**TASK MATERIAL:**

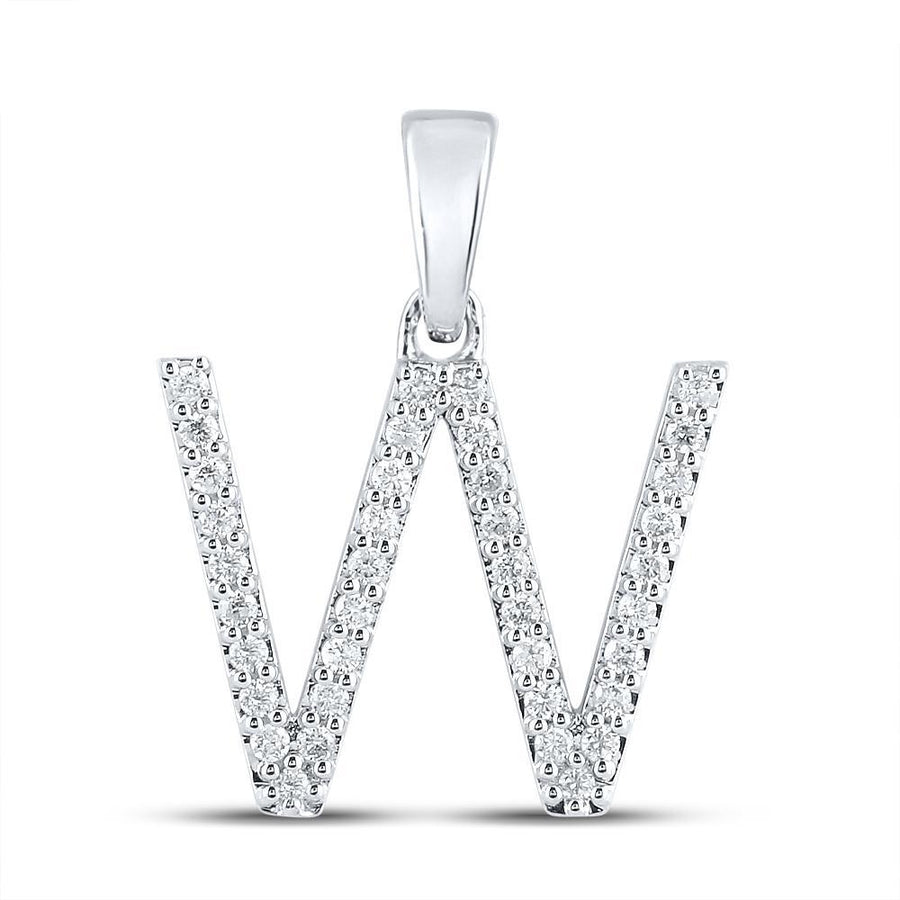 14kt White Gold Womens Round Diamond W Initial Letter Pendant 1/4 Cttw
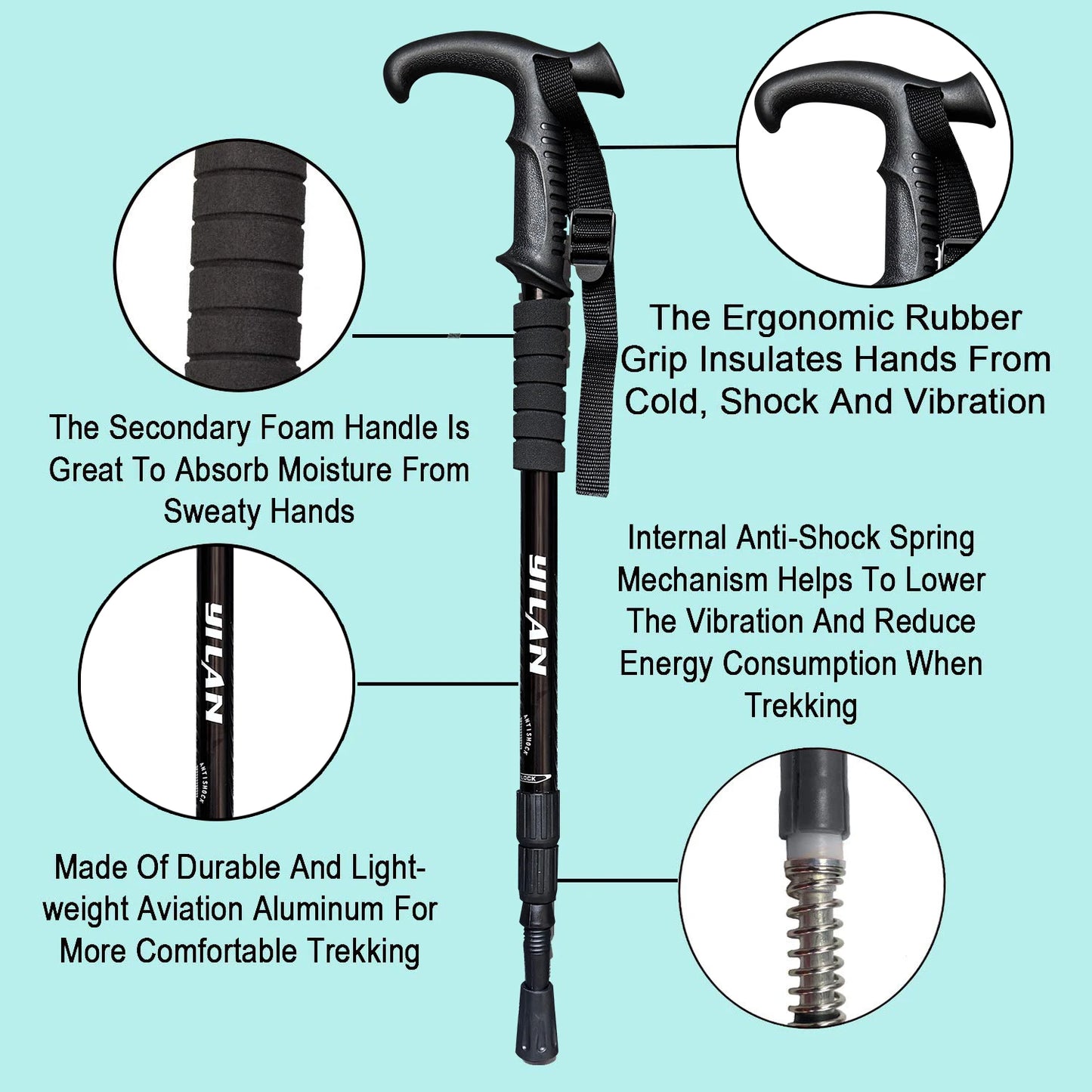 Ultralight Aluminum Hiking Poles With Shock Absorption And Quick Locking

* * *

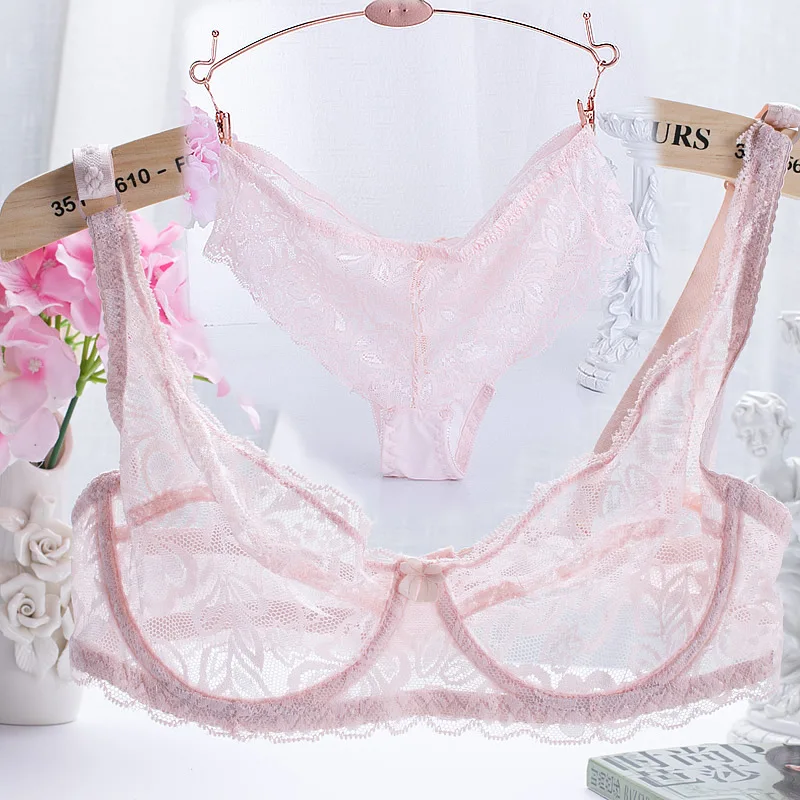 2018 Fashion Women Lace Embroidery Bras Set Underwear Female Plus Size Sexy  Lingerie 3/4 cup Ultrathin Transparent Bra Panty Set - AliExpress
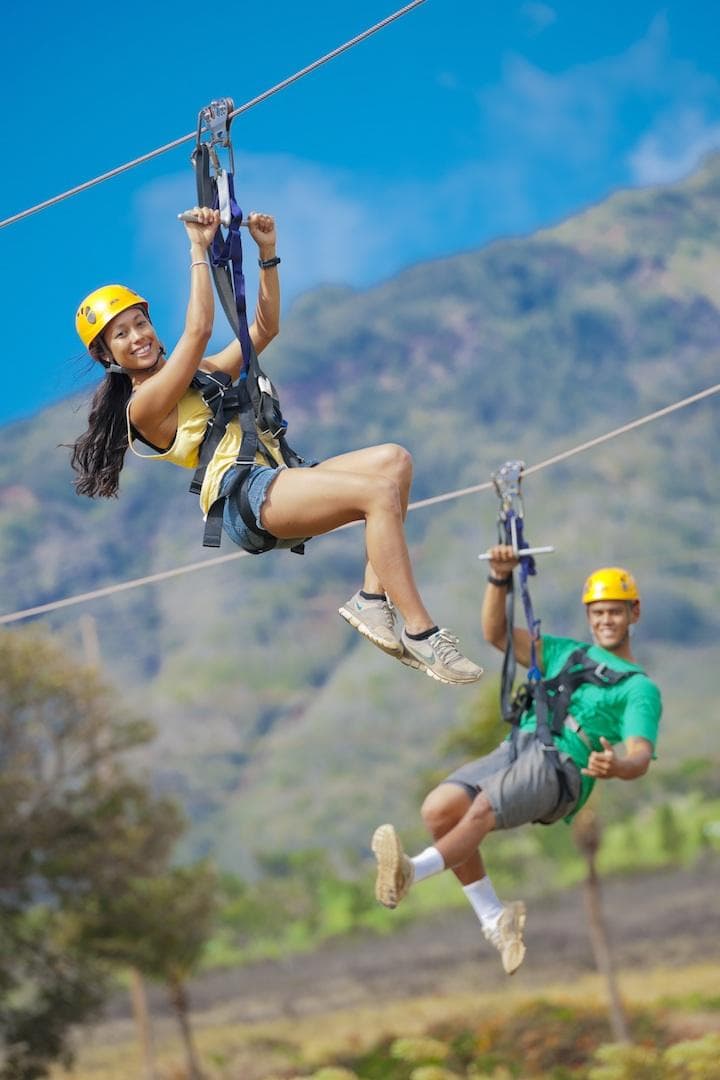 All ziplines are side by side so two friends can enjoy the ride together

--

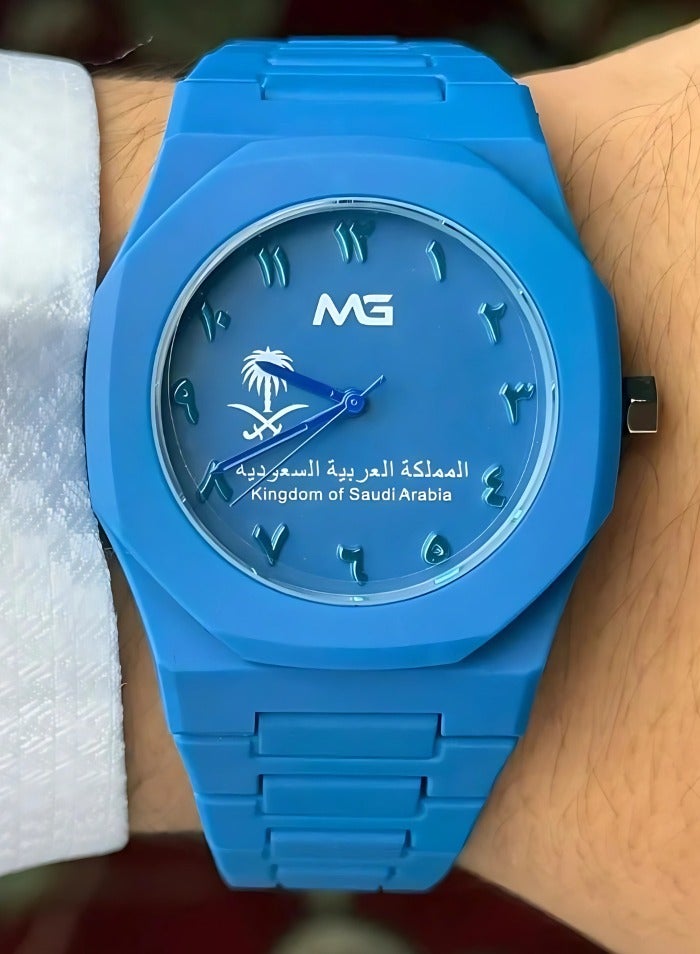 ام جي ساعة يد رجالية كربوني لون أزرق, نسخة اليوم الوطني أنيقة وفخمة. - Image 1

**PROMPT:** Both the line containing "14kt White Gold" and the line containing "Ultralight Aluminum Hiking" above belong in the output, as do the lines between them. Print them exactly, without pictures.

**ANSWER SPACE:**
 14kt White Gold Womens Round Diamond W Initial Letter Pendant 1/4 Cttw
 Ultralight Aluminum Hiking Poles With Shock Absorption And Quick Locking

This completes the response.